Now that I work a day job again, I rarely drink coffee. The restaruant I work at does have really good coffee but for me, nothing is more refreshing than my bb cup of ice water that follows me everywhere on the line!


----------



## erictheard (Aug 21, 2009)

I use to work in a pretty big restaurant and we would get slammed on the weekends. This place was on the higher end so everything had to come out right. Most Friday and Saturday nights a energy drink before the rush started was the only way to go. Too much caffeine really screws me up, but ususally the drinks just got me started and wore off before things died down.
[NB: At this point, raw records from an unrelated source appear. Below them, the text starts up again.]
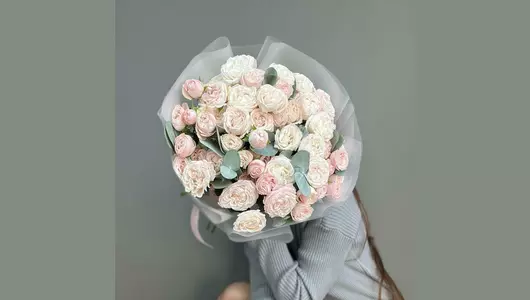 Пионовидная кустовая Роза (15шт) FMART by flowwow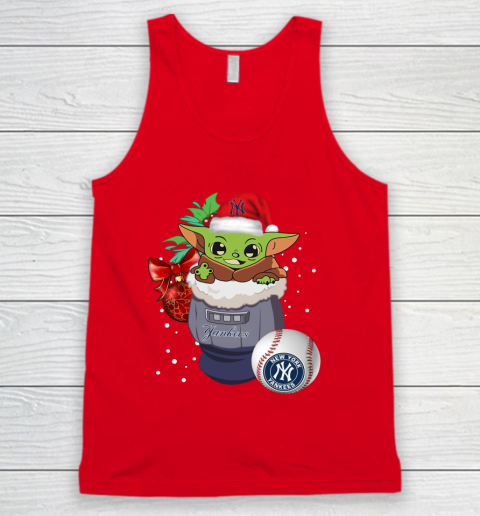 New York Yankees Christmas Baby Yoda Star Wars Funny Happy MLB Tank Top 6
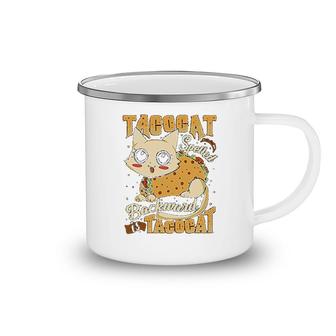 Tcocat Spelled Backwards Cute Camping Mug | Mazezy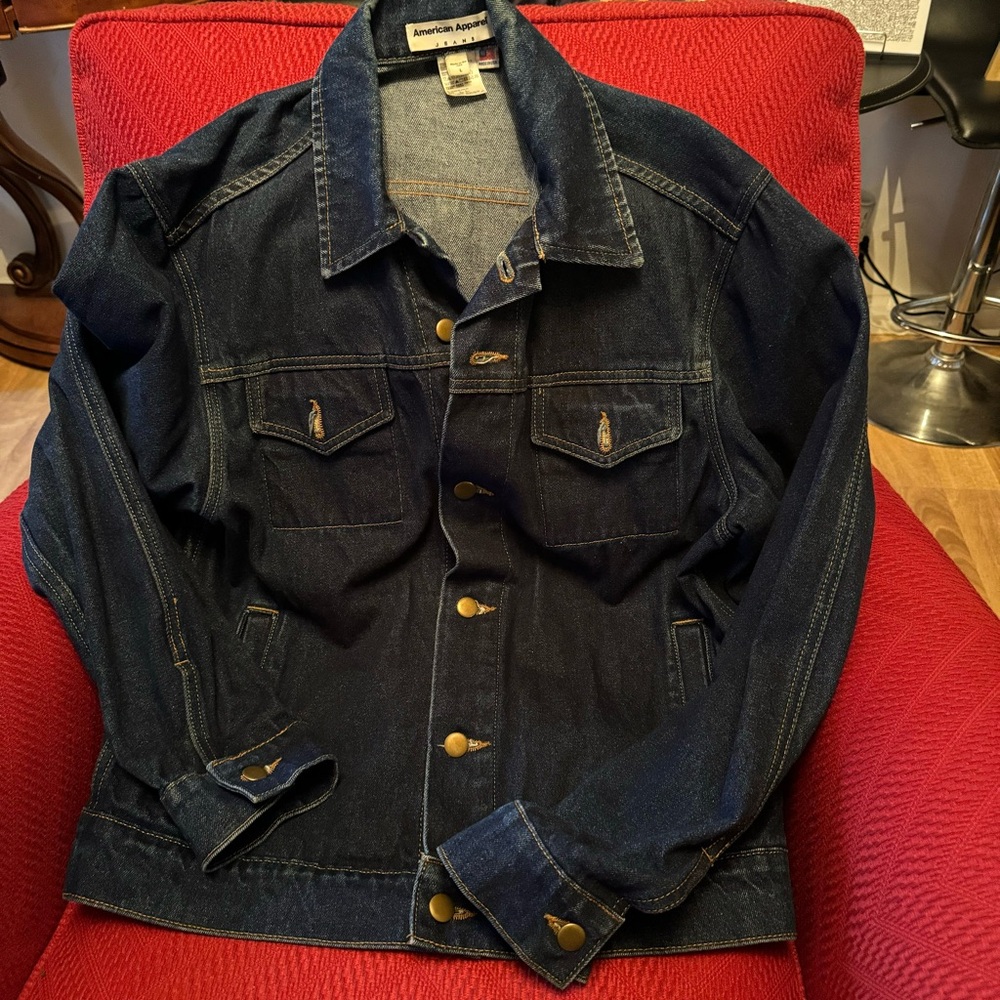 American Apparel Men's Dark Indigo Denim Jacket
I never felt bad afterwards as long as I used up all the extra energy it gives.


----------



## leeniek (Aug 21, 2009)

Not all line cooks are coke heads but I can see how they'd turn to it because the line is hard work and you really do have to be on your game all the time. That just said.. I love hard work so the line is where I feel most at home. I have a bb cup of ice water with me at all times and I find that is what I really need when things get hot and sweaty and that happens pretty fast most days. I also eat a lot of fruit and for some reason I crave it .. it must be the heat of the line and my body needing extra vitamins or something. 

Green tea works for me.. now that it's summer I make iced green tea at home the night before work, put it in my water bottle and sip it all the way to work. I wash my bottle when I get in and fill it with ice water for the trip home.


----------